======== Materials provided ========

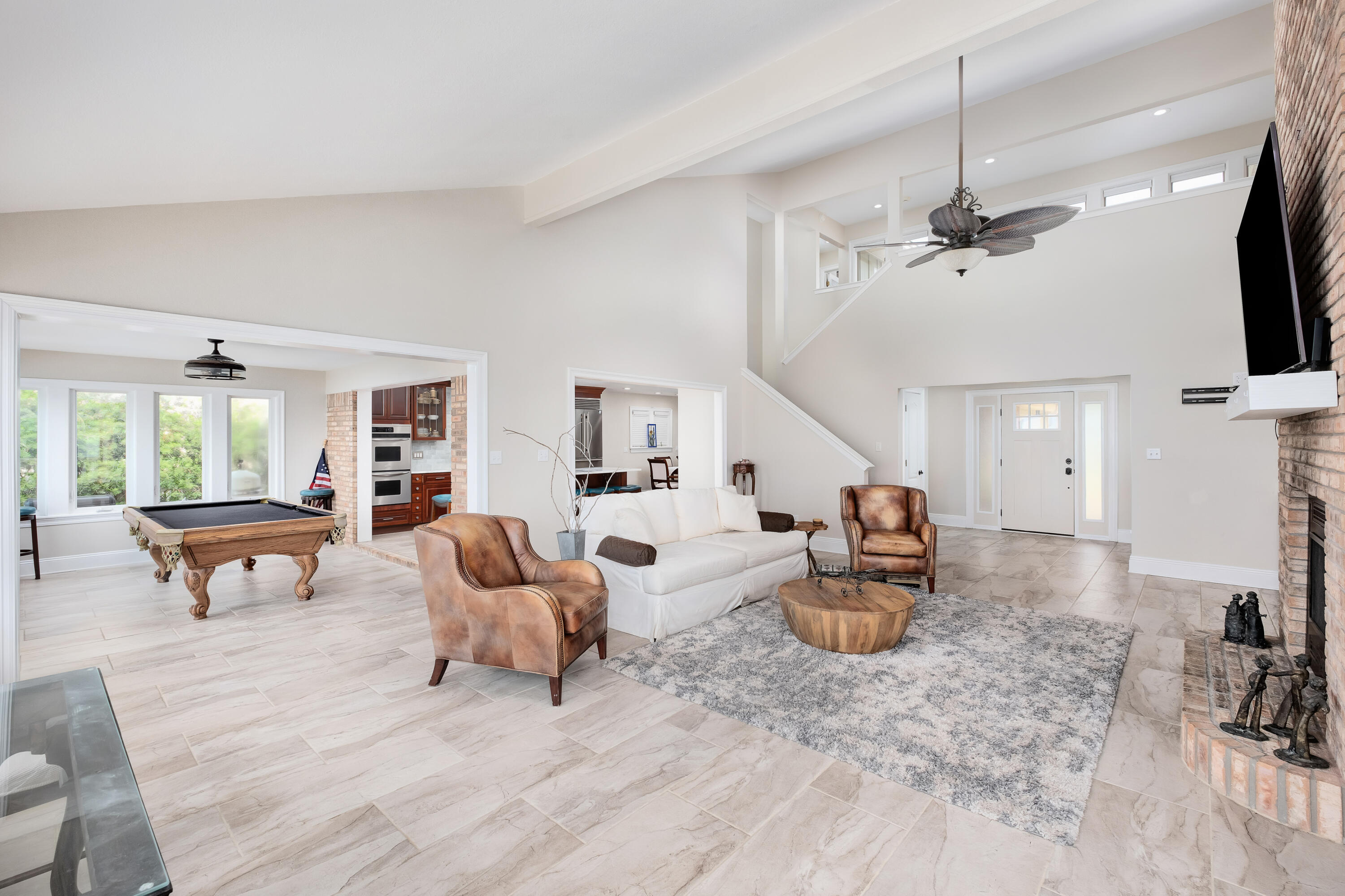WHISPER BAY 6TH ADDN - Residential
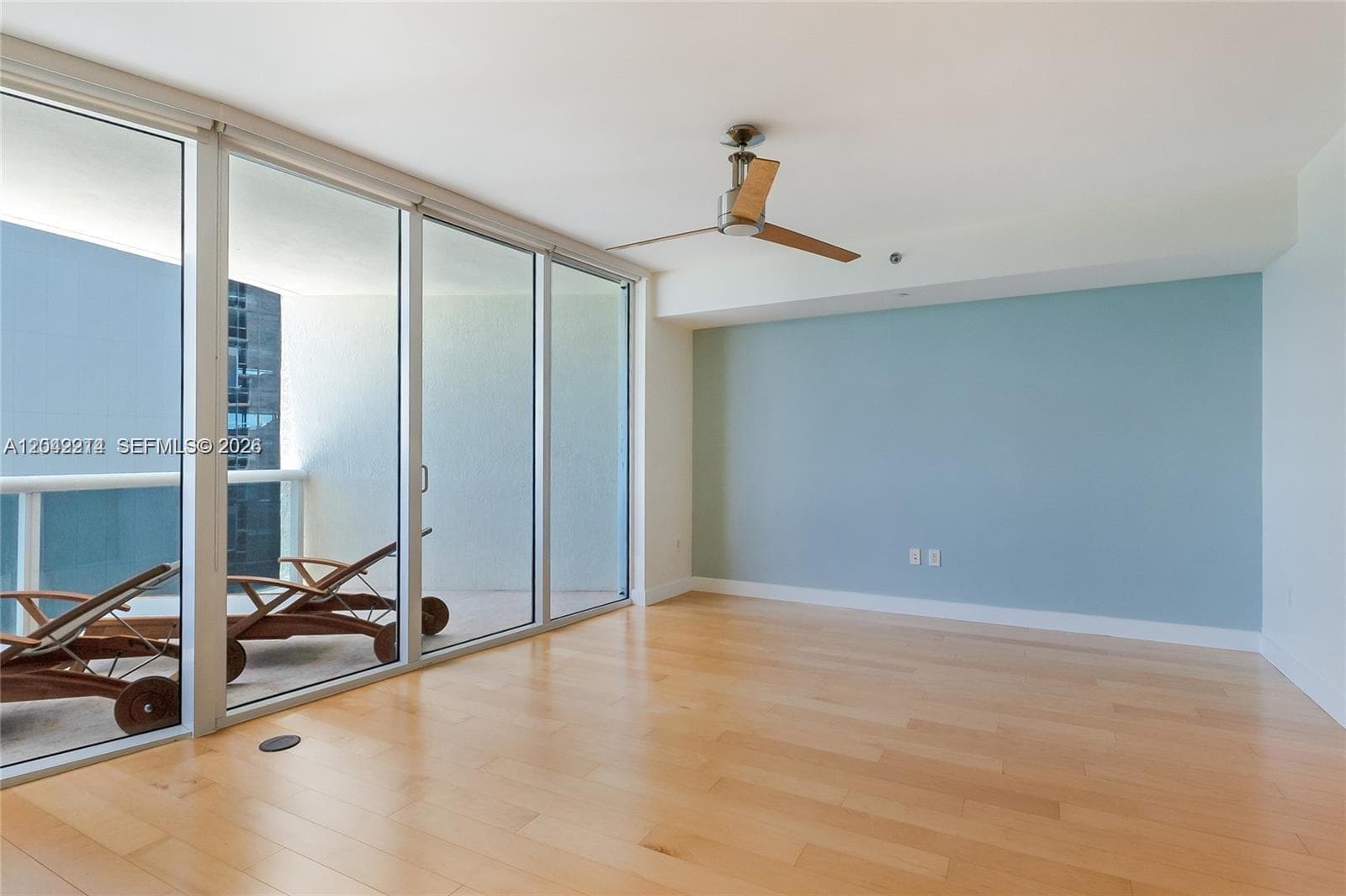 Ocean Four · #803 in Sunny Isles Beach - Photo 14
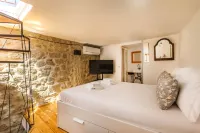 Casa da Pedra - Monsanto Hotels near Monsanto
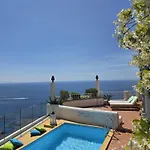Vila Poesia - Cozy Experience *
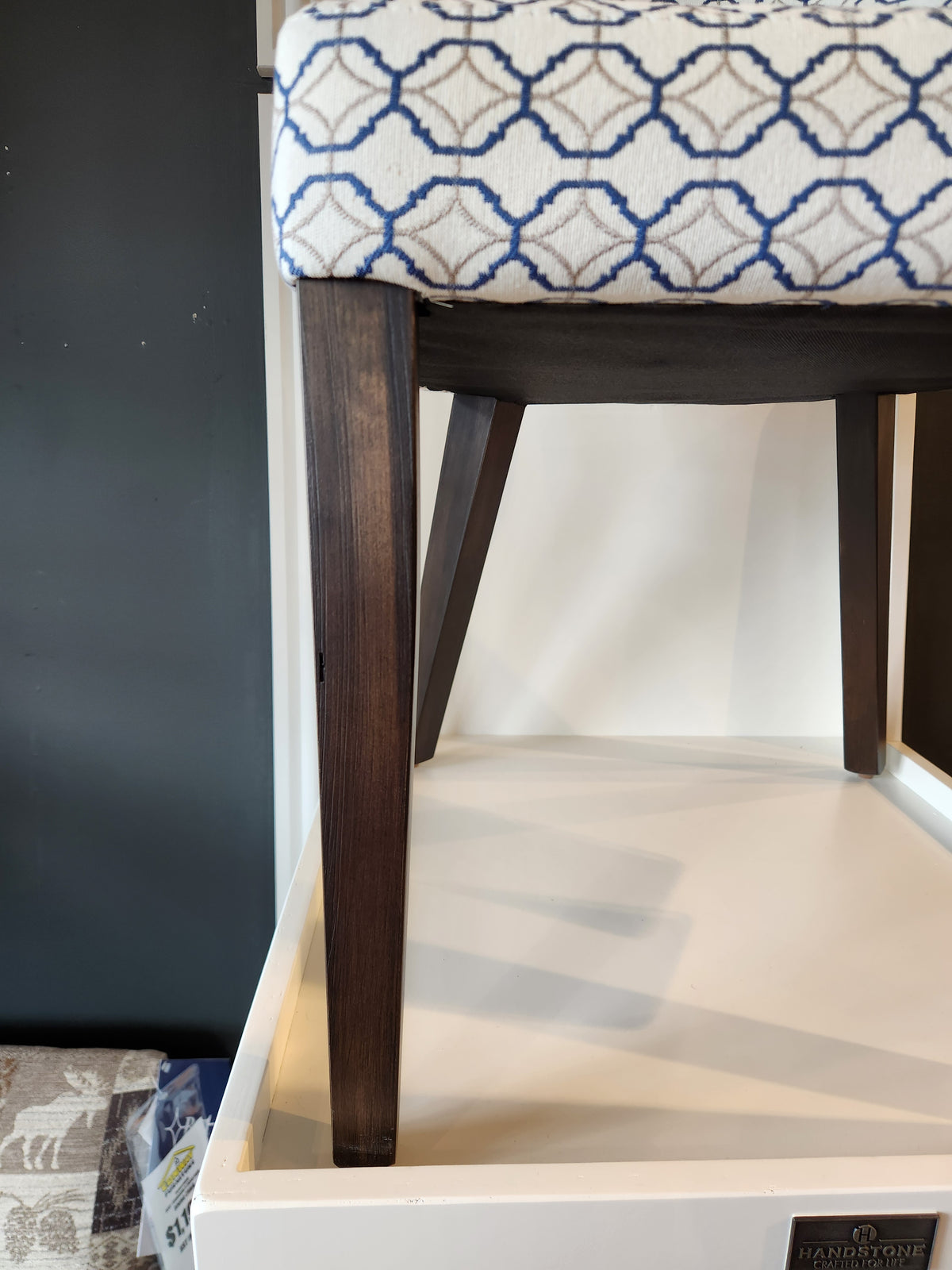 Laguna Side Chair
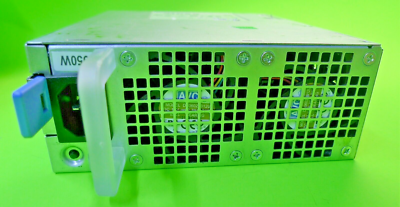 Dell Precision T5820 T7820 950W Power Supply H950EF-00 0CXV28 - Foto 6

========

Goal of the exercise: Print, without pictures, exactly the lines from the one containing "Vila Poesia - Cozy Experience *" through the final line of the records above.

Final answer:
Vila Poesia - Cozy Experience *
 Laguna Side Chair
 Dell Precision T5820 T7820 950W Power Supply H950EF-00 0CXV28 - Foto 6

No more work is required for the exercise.